Delivering the Goods - Lessons Learned About Customer Service and Profitability from One of the Best Managed Businesses

The people of India have created a recipe for business that contains ingredients worth adding to your mix. Every morning Mumbai's legendary Dabbawalahs (lunchbox carriers) spread out across the city to collect freshly prepared lunches from people's homes and caterers. They then efficiently use the transport network, which they have fine-tuned over the past 112 years, to quickly deliver lunches to the customers' workplaces. In the afternoon, the network is reversed as the Dabbawalahs retrieve lunchboxes and return them to their place of origin. For this they charge approximately U.S. $10 per lunchbox, per month.

So why is this so special? After all, we have take-out and home delivery right here in the U.S. Here's why: the Dabbawalahs deliver over 200,000 lunches per day, with 99.99% accuracy. Forbes magazine gave this service its highest quality rating of Sigma 6, which means that per million transactions, there is just an error of one!

Here are lessons we can all apply to our businesses, courtesy of the Dabbawalahs:  
Share the wealth - The majority of the Dabbawalahs are stakeholders in the organization. You bet they show up everyday.
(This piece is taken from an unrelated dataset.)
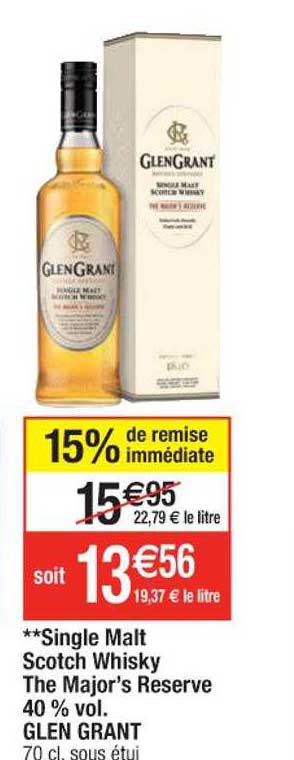 single malt scotch whisky the major's réserve 40% vol. glen grant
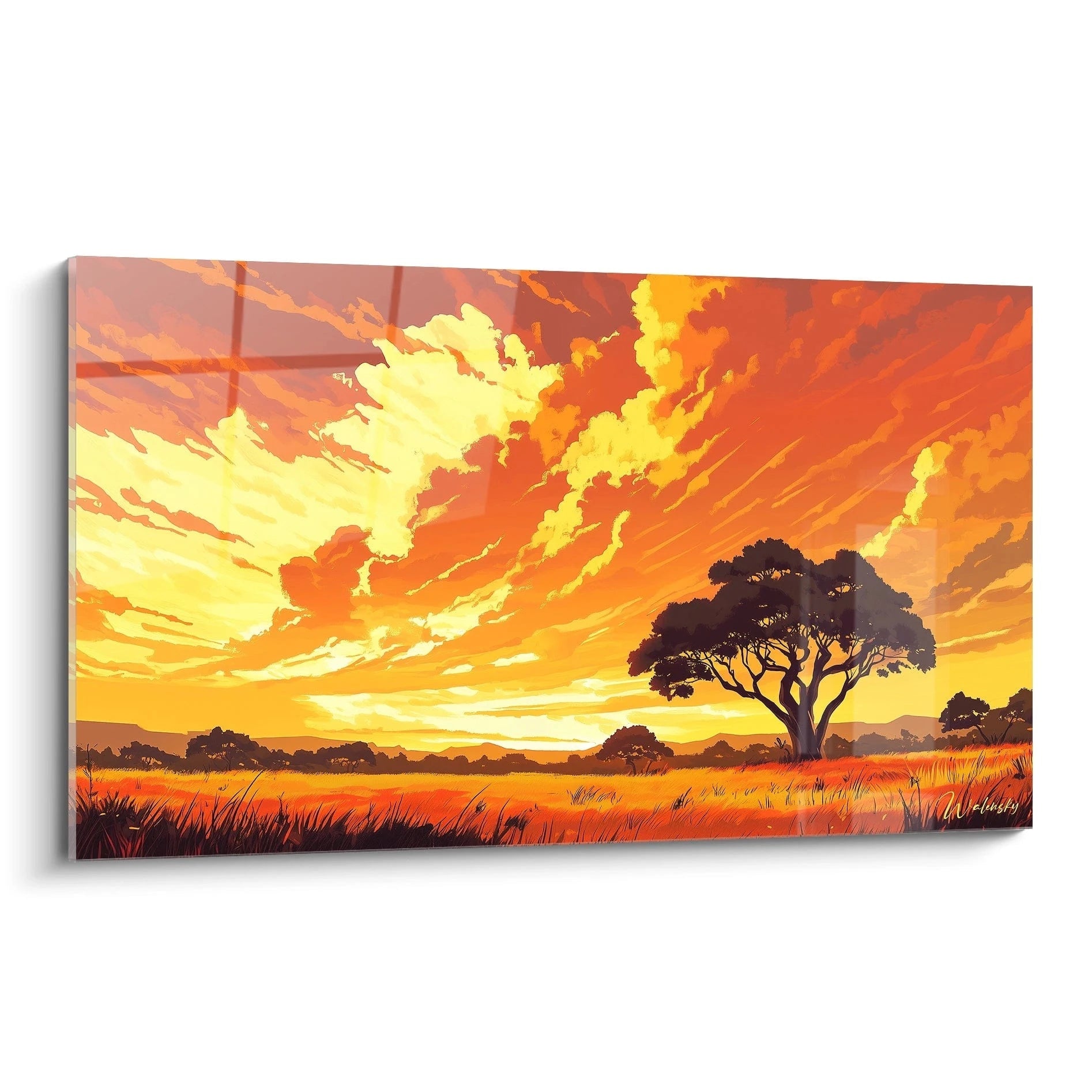 Un tableau savane coucher de soleil aux teintes oranges et jaunes vifs, dominé par un acacia silhouetté en noir, présentant des textures dynamiques et des contrastes saisissants entre le ciel embrasé et la plaine herbeuse.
Even when there is a strike (which happens often) or inclement weather.

Take care of your people - The Dabbawalah Trust provides several services to its members, including schools for the children and health care in emergencies. Can your organization say the same?

Hire people you know - "Everyone who joins us is known to us," states Raghunath Medge, president of the Dabbawalah Trust. Have you run out of people in your own network to hire? Establish an employee referral program. This will reduce the likelihood that you will have to hire people that no one knows in your own organization.

Enthusiasm trumps experience - When selecting members of the team, the Dabbawalahs look for people who are enthusiastic because they understand enthusiasm is not something you can train for. In this economy, there are many people looking to transition into new industries. Don't discount them because they don't have the exact experience you think they need. Instead, focus on hiring people who are upbeat and show a passion for learning.

Embrace change - Although they have been doing things the same way for the past 112 years, the Dabbawalahs recently debuted on the World Wide Web. Customers and prospects can now sign up for the service online or with their mobile phones. Products and services can also be purchased through their web site. Coming soon...a blog! When is the last time you looked at ways to make it easier for your customers to do business with you? No time like the present!

New ways to increase revenue - A delivery service is a delivery service, right? Not if you are a Dabbawala. What products and services could possibly be added to increase revenues? If you think small, then the answer is not much. If you think large, like the Dabbawalahs, then you might consider offering products that are symbols of your business.

For the Dabbawalahs, this means selling Dabbas (Tiffin boxes used to transport food), that represent hard work, discipline, and time management or services that include the opportunity to work side-by-side with a Dabbawalah for an entire day. Don't think it will work? Just ask Sir Richard Branson of the Virgin Group, who recently signed up for this once in a lifetime event.   To increase revenues in tough times you must think out of the box. What are some natural extensions of your product or services? No idea is too small.

Helping employees transition to better opportunities - Have you ever heard of an organization that actively tries to help their employees find better work opportunities? That's exactly what the Dabbawalahs do. Their web site touts the many advantages of hiring these people into their customer's organizations.

The U.S. major accounting firms have been doing this for years. They recognize the value of having alumni working in other organizations, who can help them cement relationships with both current and prospective clients. Is this concept worth consideration for your employees and your firm?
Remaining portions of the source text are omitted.